Bir ülkenin batmasının en büyük etkenlerinden biri cahil bırakılmaktır. Bu sene Burdur’da düzenlenen 9. Kitap fuarını gezme imkanına sahip oldum. Önceki senelere göre daha düzenli gezilebilir fuar konseptine bürünmesi 15’e yakın yazarların imza günü ve söyleşi yapması ziyaretçileri de memnun etmiş durumda. Fuara önceki senelere göre öğrencilerin ve halkın katılım sağlaması fuara katılan yayıncı kuruluşları da memnun etmiş, Burdur’a da kültürel bakımda bir katkı sağlamış gözükmekte.
Yayıncı kuruluşları ile yaptığım sohbette sorunun sadece Burdur ile sınırlı olmayıp genel bir sorun olduğu da bir gerçek. Yayıncı kuruluşların ortak serzenişi Türkiye’nin hangi ilinde bunun gibi bir kitap fuarı düzenlense o ilin belediye başkanı hangi düşüncede ise o düşüncedeki insanların gelmesi, karşı fikirlere saygı duyulmaması, karşı fikirdeki yazarların kitaplarının okunmaması topluma kültürel açıdan zarar verdiği düşüncesi ortak bir sorun olarak karşımıza çıkmakta.

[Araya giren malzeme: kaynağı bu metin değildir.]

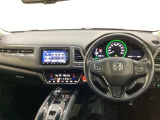 車内は光触媒抗菌消臭施工済です。スタイリッシュなデザインでスポーティなインパネ周りを演出します。グローブボックスやカップホルダーのほかにトレーなどたくさんの収納スペースが付いています。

Fuar alanında yayıncı kuruluşları ile bu sohbetleri yaparken bir üniversite öğrencisinin “Bu toplumu ayrıştırdılar. Bizler gelecekte fikirlerimizi, düşüncelerimizi, kişiliğimizi oluşturabilmek için her türden kitap makale okumak ve yetişmek mecburiyetindeyiz. Maalesef bunun gibi kültürel etkinliklerde bile siyaset karışıyor.” demesi… Neden Burdur’da bulunan ortaokul, lise ve üniversiteli gençlerimizi okuldaki öğretmenlerimiz-hocalarımız ‘haydi çocuklar bugünde kitap fuarına gidelim, sizler her türlü fikri bilmeniz gerek. Kitaplar bir emek ister, bir bilgi ister. Sizler de gelecekte bu ülke için siyasetçi, yazar, idareci olacaksınız. Buralar sizler için açılıyor.” diyerek yönlendirmez? Bir an beyin fırtınası yapmak zorunda kaldım… Düşünebiliyor musunuz Burdur’da bulunan bütün okullar üniversite öğrencileri dahil fuar alanına gelip yazarları ve kitapları tanısa, bunlara da milli eğitim ve üniversite öncülük yapsa da bu gençlerimize kitap okumanın önemi anlatılsa ne kaybederiz ne kazanırız. Bu gerçeği bir düşünebilsek?